Tresorit founder and top cryptography expert, Istvan Lam, welcomes the new EU Data Protection Policy (GDPR), despite the strong belief that a single regulation is not enough to ensure privacy for European internet users. As this is a very complex matter, he suggests an easy-to-use checklist to help you identify online services that are designed to go beyond EU Data Protection Policy and maximize your data protection.
Today, the European Parliament made the final vote on the new EU Data Protection Policy, also known as GDPR. It is going to enhance and unify data protection and privacy for European internet users by the year 2018.
However, there’s still a long road ahead of us. If we compare this change to the security standards of the automotive industry, it means that internet users are now going to get their default seatbelt, but other important security measures such as ABS and airbags, are still not available.
The new EU Data Protection Policy is not a ‘magic pill’ for our online privacy problems. For example, GDPR still leaves room for government authorities to conduct mass surveillance through backdoors. Despite having the best intentions and expertise of lawmakers, this regulation by itself will never be enough to guarantee data privacy online.

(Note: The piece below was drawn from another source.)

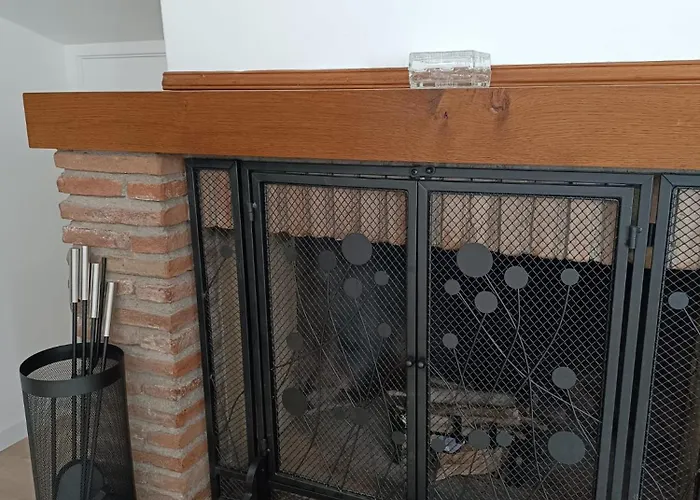 Casa Rovere Apartmán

Checklist for the 3 levels of data security & privacy
There are 3 main pillars of data security: technological, legal and physical. The safest solution remains a combination of end-to-end encryption by trustworthy European providers with European servers. That way you can be sure that the whole service is designed to ensure your privacy (“Privacy by Design”). There are great examples of companies meeting these standards, such as the email service ProtonMail or the messenger app Threema. And just like them, Tresorit also addresses security and privacy on all three levels.
Checking the items off of this list can be beneficial to everyone when picking a secure provider without having to dig too deep into the small print and technical details of each service. Doing so can also be helpful, for example, when trying to understand why WhatsApp’s new end-to-end encryption still doesn’t give you complete control over your data.
- Technological: Your provider should use “zero-knowledge” or “end-to-end encryption“. This means that your data is encrypted in a way that only your device can decrypt it. No government, hacker or provider employee is able to look into your files.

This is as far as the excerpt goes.